REQUIRED WORK:
Each line below must be transcribed exactly, and no picture may appear in the transcription.
------ DATA ------
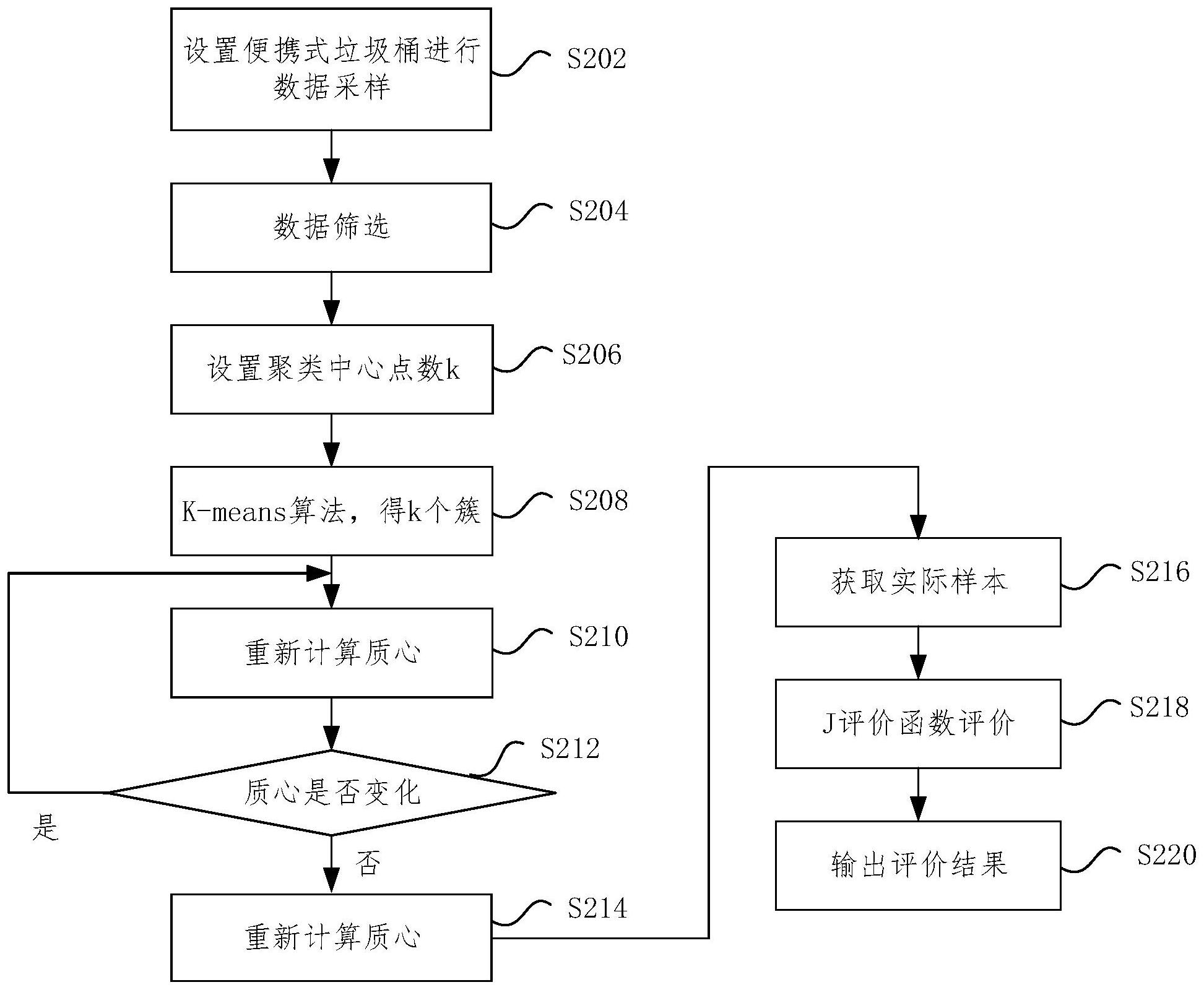 工商银行获得发明专利授权：“会话信息的处理方法、系统、装置、存储介质及电子设备”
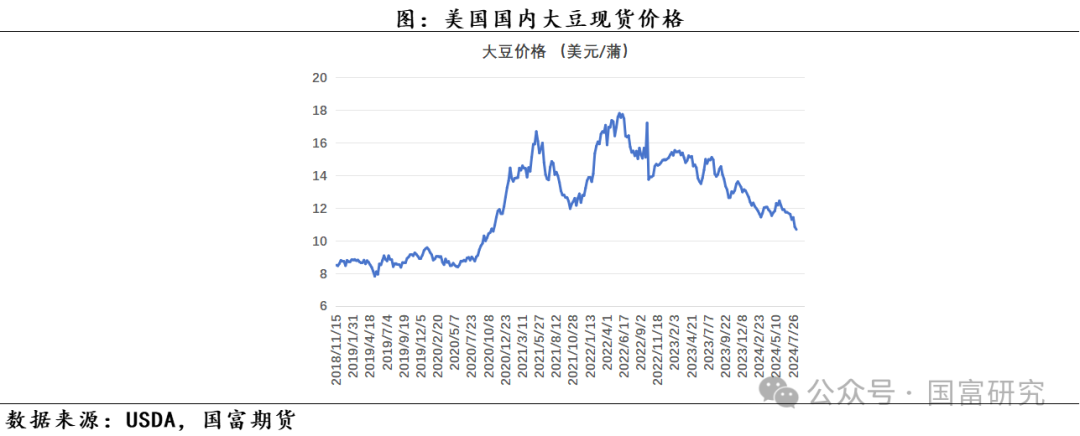 【USDA】8月报告：新作产量超预期，美豆维持偏弱走势  第18张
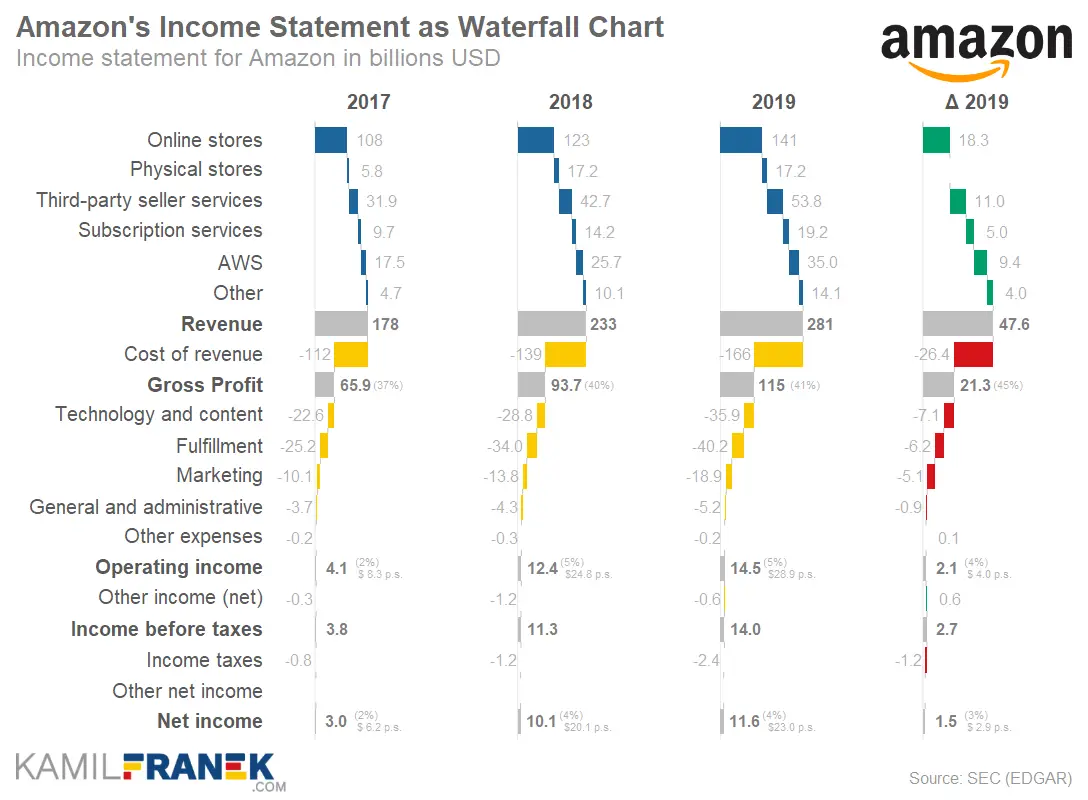 Amazon income statement as waterfall chart 2019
------
WRITTEN SOLUTION:
 工商银行获得发明专利授权：“会话信息的处理方法、系统、装置、存储介质及电子设备”
 【USDA】8月报告：新作产量超预期，美豆维持偏弱走势  第18张
 Amazon income statement as waterfall chart 2019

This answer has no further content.